### Work required
In the material below, the lines from the one containing "3 Leslie Court Halfmoon NY 12065" through the one containing "Schwarz (onyx black" are to be given again exactly, ends included, and no others.

_ _ _ _

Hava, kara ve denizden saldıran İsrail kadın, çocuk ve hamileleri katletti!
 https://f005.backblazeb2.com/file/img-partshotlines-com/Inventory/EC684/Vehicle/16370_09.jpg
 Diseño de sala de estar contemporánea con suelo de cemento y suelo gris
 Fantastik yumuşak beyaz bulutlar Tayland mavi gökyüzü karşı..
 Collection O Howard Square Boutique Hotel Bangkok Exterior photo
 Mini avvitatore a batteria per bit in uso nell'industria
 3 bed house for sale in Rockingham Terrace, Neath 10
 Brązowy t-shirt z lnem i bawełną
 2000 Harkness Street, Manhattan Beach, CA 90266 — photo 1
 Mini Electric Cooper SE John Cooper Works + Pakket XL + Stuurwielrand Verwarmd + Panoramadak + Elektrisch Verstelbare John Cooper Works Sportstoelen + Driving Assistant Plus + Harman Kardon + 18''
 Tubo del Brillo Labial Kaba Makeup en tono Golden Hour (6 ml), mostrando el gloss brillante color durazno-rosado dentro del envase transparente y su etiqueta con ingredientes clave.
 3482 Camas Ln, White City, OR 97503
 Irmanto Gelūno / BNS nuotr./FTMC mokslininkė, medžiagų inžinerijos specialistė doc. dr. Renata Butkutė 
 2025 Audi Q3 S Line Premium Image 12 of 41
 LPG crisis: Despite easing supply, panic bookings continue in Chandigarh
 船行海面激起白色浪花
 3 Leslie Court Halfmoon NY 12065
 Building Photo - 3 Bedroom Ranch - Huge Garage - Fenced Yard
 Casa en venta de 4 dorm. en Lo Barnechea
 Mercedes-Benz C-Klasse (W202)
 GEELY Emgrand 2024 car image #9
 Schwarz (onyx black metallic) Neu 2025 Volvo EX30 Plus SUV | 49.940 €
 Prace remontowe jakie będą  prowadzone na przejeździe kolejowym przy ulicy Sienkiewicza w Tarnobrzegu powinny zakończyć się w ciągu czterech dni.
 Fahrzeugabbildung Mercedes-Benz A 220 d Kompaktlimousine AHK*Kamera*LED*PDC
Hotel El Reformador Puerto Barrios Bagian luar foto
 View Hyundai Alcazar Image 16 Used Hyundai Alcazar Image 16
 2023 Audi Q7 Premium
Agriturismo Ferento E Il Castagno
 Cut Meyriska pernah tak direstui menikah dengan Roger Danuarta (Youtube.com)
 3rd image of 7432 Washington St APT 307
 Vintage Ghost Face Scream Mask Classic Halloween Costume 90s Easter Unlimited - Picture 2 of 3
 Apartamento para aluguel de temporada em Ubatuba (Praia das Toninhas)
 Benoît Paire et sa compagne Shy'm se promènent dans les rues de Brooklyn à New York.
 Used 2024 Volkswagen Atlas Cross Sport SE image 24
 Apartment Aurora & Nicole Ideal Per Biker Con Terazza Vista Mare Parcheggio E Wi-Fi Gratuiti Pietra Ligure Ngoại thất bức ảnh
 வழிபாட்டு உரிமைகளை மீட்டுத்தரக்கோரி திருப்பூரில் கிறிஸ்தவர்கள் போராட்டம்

_ _ _ _

### Output
 3 Leslie Court Halfmoon NY 12065
 Building Photo - 3 Bedroom Ranch - Huge Garage - Fenced Yard
 Casa en venta de 4 dorm. en Lo Barnechea
 Mercedes-Benz C-Klasse (W202)
 GEELY Emgrand 2024 car image #9
 Schwarz (onyx black metallic) Neu 2025 Volvo EX30 Plus SUV | 49.940 €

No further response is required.